# Rocky Mountain High



## InvaderZim (Sep 7, 2007)

About this time of year I long for the things I cannot have. With the mountain passes still choked with snow I'm reminded of good times spent in the woods and forests, high above all other things.

Hunting season starts with forest grouse. And the county&#8230;breathtaking. Deep blue skies dotted with wispy clouds. Primeval pine choked forests. Gurgling brooks.









And a quarry of subtle beauty.









Higher still I climb. And even higher yet, till I can go no more; White-tailed Ptarmigan is my target. 









Alpine tundra is his domain.









Soon the passes become a hunter's nightmare.









So down I go, to the reign of the Chukar Partridge. Frosty it may be.

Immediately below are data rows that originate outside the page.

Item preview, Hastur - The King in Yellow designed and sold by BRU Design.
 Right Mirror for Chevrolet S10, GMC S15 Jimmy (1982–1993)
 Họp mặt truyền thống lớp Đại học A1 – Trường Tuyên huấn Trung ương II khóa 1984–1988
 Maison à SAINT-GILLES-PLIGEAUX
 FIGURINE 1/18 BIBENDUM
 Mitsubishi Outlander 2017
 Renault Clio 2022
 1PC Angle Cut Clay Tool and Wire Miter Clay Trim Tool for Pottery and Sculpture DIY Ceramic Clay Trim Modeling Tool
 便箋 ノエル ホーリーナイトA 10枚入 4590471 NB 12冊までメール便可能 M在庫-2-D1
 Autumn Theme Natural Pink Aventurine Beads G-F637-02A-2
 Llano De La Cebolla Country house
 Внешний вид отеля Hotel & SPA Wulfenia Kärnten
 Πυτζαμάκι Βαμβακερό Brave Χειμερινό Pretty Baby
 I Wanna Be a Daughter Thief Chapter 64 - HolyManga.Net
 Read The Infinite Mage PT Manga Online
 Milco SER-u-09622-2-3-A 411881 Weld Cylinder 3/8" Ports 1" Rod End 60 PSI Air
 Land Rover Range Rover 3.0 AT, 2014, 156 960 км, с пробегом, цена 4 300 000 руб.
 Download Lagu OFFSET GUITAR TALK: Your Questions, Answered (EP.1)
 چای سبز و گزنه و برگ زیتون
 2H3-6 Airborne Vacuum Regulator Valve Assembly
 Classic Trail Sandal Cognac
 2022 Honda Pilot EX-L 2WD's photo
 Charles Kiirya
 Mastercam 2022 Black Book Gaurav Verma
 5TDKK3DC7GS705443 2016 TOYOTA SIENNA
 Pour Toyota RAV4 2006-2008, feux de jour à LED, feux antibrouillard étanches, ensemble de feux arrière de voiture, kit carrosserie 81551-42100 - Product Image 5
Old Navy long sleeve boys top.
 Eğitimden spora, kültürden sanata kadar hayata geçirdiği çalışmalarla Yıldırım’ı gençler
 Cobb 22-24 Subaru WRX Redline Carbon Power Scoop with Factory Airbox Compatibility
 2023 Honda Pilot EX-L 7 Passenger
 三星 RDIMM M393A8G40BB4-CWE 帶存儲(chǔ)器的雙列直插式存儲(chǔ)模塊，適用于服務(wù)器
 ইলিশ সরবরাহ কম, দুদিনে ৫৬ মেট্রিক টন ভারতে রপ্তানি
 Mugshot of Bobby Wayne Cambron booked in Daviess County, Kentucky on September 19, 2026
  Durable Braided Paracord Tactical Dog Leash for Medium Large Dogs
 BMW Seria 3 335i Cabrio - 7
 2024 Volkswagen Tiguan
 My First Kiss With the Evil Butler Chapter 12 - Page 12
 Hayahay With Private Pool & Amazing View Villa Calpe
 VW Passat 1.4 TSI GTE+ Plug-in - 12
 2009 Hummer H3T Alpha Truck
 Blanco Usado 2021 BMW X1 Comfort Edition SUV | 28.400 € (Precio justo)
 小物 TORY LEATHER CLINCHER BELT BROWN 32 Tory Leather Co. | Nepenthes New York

After searching my soul I found him.









And in good company.









The west is a good place to live.

Caleb


----------



## deadicated1 (Mar 17, 2008)

wow!! those pics are beautiful, and i enjoyed the writing too. thanks for those. ya just cant beat the beauty of good grouse country


----------



## Al Hansen (Sep 7, 2007)

Nicely done


----------



## spiraleyes (Nov 25, 2007)

Great pictures! I really want to get my dog going on grouse and chukars.


----------



## Riverrat77 (Sep 7, 2007)

Good stuff Caleb... I sure hope to get a peek at some ptarmigan country sooner or later. It sounds breathtaking.....


----------



## stillhuntin (Feb 14, 2008)

"subtle beauty"-that double is not so subtle-but truly beautiful.
The chukar on gray rock needs a frame!
Very nicely done!!
I can _feel _9K+ elev
Thank you


----------



## wyogoob (Sep 7, 2007)

Good stuff.


----------



## fixed blade XC-3 (Sep 11, 2007)

Those are some truly great pictures.

One a side note. Did it make you nervous getting that close, to the red headed hippie with a shoot gun, in the 5th picture?


----------